Monday, May 29, 2017

Fried Rice Green Tea






When I think of fried rice, I will imagine a Chinese chef literally frying rice using a wok over a big fire.  This is one dish that I enjoy eating especially as a 'take away' meal when I have to eat dinner alone.

It was about 2 weeks ago while shopping for Chinese tea bags that I came across this Fried Rice Green Tea.  If you continue to read the label, this tea is Genmai Cha.  I went online to get more information and Genmai tea is actually green tea blended with roasted rice.  This tea, seemed to suggest, from the picture on the teabox, that this is a popular tea in Japan.  I remembered that I had tried Hoji tea in Nagoya a few years ago and that tea was actually roasted green tea.  I remembered the tea tasted earthy and had a mild sweet aftertaste.  I might still have a packet of Hoji tea in my freezer.  

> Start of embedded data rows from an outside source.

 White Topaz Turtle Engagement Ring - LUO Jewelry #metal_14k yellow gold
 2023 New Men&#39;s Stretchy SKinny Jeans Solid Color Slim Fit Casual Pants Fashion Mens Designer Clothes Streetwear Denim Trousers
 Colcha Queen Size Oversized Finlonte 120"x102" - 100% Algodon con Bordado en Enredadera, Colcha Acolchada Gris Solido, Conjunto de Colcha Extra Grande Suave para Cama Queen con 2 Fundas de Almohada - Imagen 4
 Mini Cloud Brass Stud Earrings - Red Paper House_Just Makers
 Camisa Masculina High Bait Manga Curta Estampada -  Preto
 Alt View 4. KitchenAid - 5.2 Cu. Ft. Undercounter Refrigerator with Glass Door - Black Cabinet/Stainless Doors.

My conclusion is that 'Fried Rice Green Tea' must be an episode of 'lost in translation'.  There was a time in the 80s and 90s where English translations were sometimes taken too literally that reading them would sound frightening or humorous.  The 2nd pix was sent to me by a friend some time ago.  I have no idea who took this pix.  I will give credit to the pix when I get the information.  

Sadly, there is no fried rice in this tea.  I am going to my tea cupboard to choose a tea to brew today.  Perhaps a pu erh tea biscuit.  

Sunday, May 21, 2017

Teabag Shopping







I have a friend that drinks and collects Chinese tea bags as hobby.  I never thought that collecting Chinese tea bags can be a hobby.  Most of his teabags were already factory packed in boxes and these boxes were normally factory wrapped in clear plastic.  Chinese teabag boxes normally comes in a box of 20 teabags or in larger boxes of 100 teabags.These boxes are quite colourful and are sometimes decorated with nice drawings usually about tea.  One tip, I got from my friend, is not to expose the tea boxes  to prolonged light as the colours on the tea boxes will fade.  My tea friend is pretty serious in his collection keeping his tea boxes mint in carton boxes and only displaying those which he has multiple 'copies/boxes'.  

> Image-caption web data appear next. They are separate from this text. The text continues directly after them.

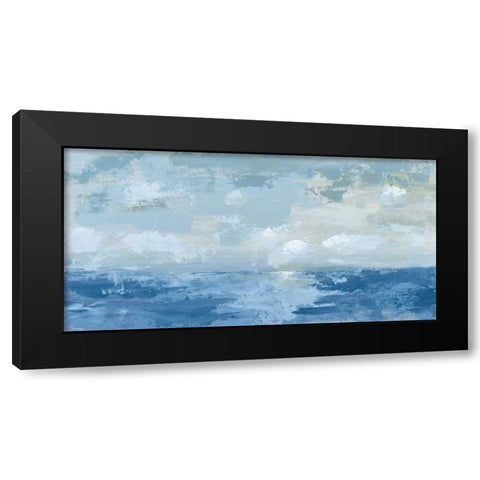 Silver Blue Sea Black Modern Wood Framed Art Print by Munger, Pamela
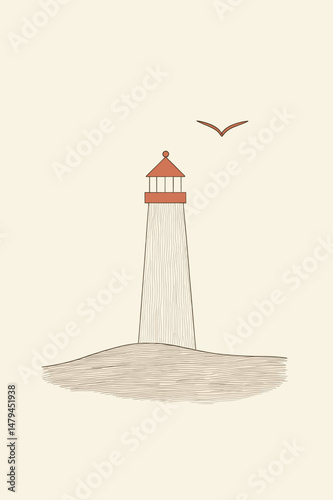 Lighthouse illustration with minimalistic design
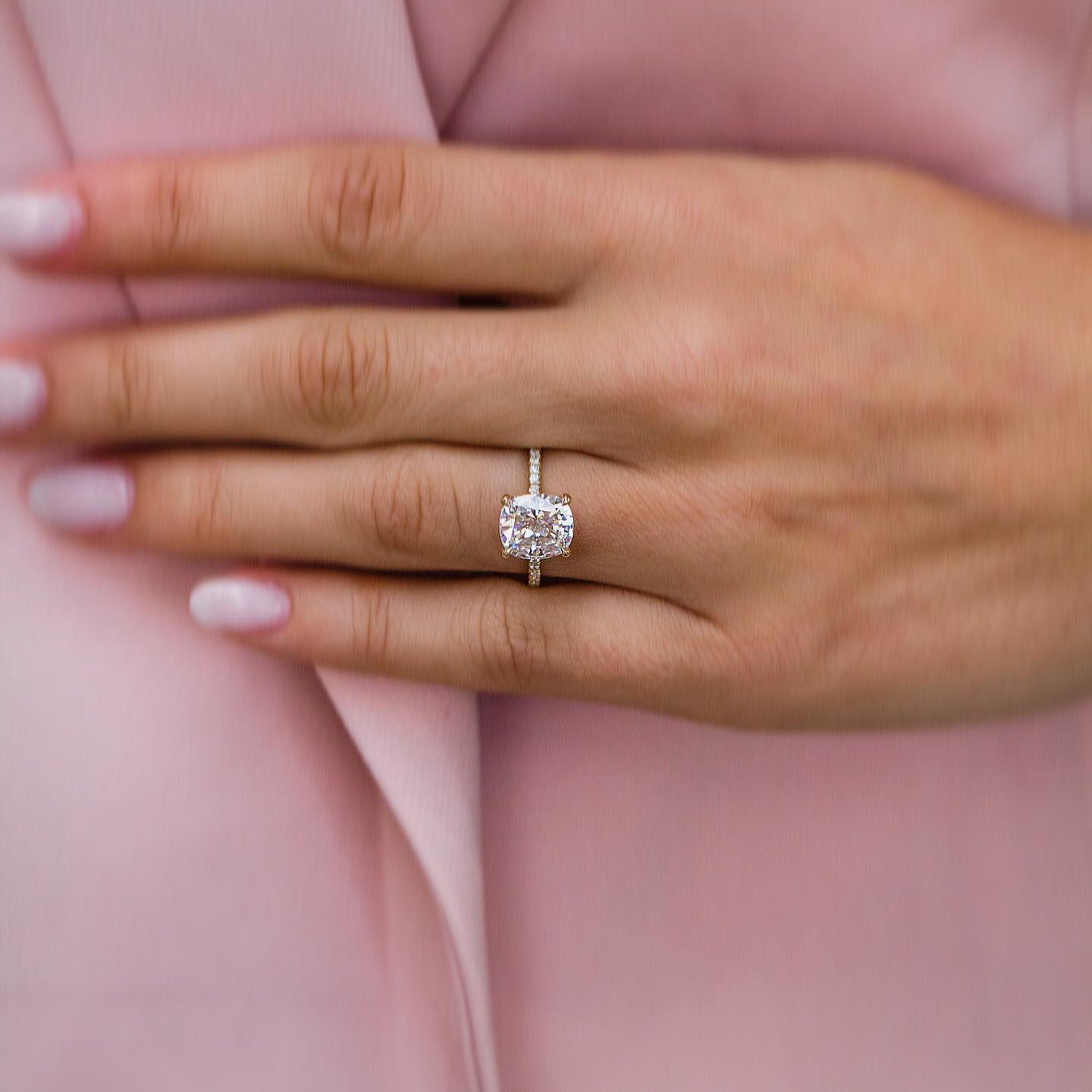 2.80 CT Cushion Pave Moissanite Engagement Ring 1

I met him for lunch last month and we went round a few shops in town looking for Chinese teabags to add to his collection.  You would have noticed that I ended up with 2 tea boxes and a rice pattern porcelain jar.  I believe the right description is a milk pot/jar.  This unused late 80s milk pot is 4 inches (10cm) high and I am guessing would hold about 350ml of tea.  Yes, I intend to brew tea in it and it would be brewing with Chinese tea bags.  I was also considering to use it as a small tea waste jar when I am brewing tea by myself.  A happy purchase.

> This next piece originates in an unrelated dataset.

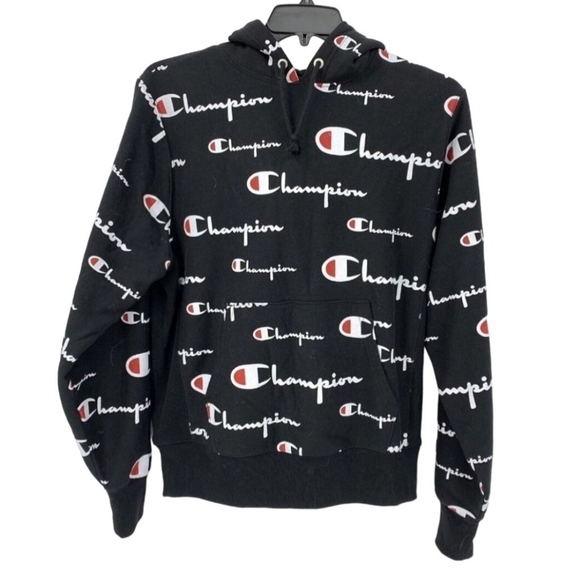 Champion Reverse Weave All Over Spell Out Hoodie Unisex Size S - Picture 1 of 5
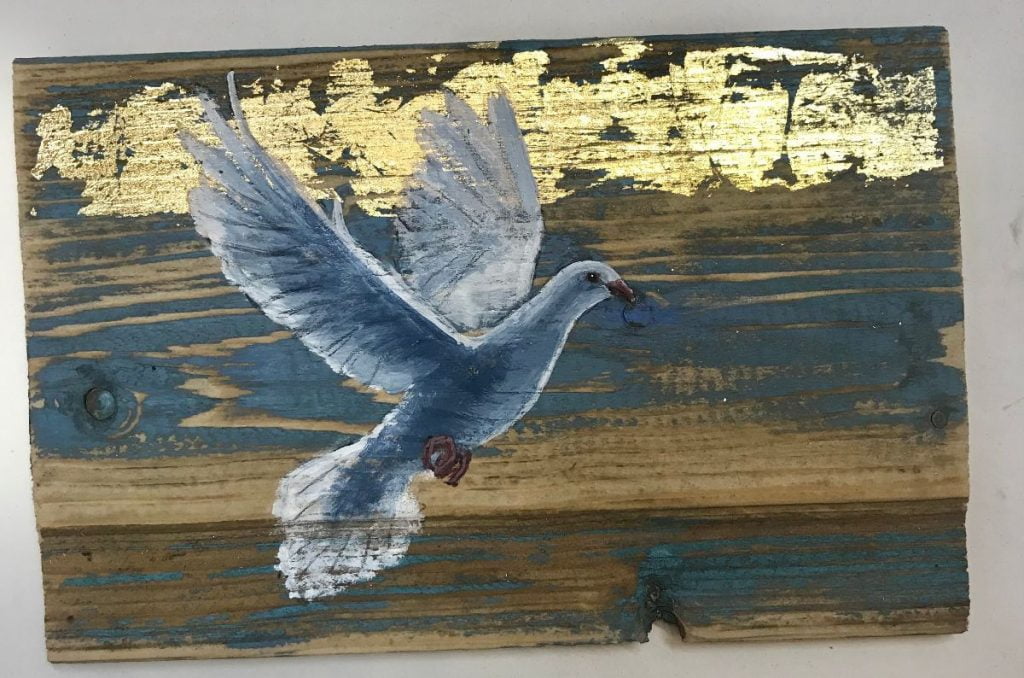 Tanya Hinton - 'Lovey Doveys' Oil and gold leaf on wood. Each approx 18x10cm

Back to the teabags.  The Da Hong Pao is produced by  Xiamen Tea Import and Export Co under the 'Butterfly' Brand.   The Yunnan Tuocha teabag is not produced in Yunnan but by Guangdong Tea Import and Export Ltd.  There were French words on the labels of this Pu erh tea box which seems to indicate that one of the major markets for this pu erh was France.  I was not surprised as I had seen a 80s Xiaguan ripe tuo in box, printed with information about the tea in French.  

I found the Da Hong Pao tea light.  Its not the teabag's fault though.  I drink my Da Hong Pao very strong, up to 10g of tea for a 150ml teapot.  The 2g of tea in the teabag was mild.  I could detect the floral scents and oolong taste but I think using 2 teabags next time might be a better solution for me.  The pu erh teabag was, to me, a more interesting purchase.  One teabag could get me a strong cup of ripe pu erh (better results when you use boiling water for teabags).  Aroma was quite pleasant and it even had hints of old leather scent in the tea.  

Buying Chinese tea in teabags will not burn a hole in your wallet.  They make for a good and inexpensive tea when you are on the road.  Can be an interesting hobby too.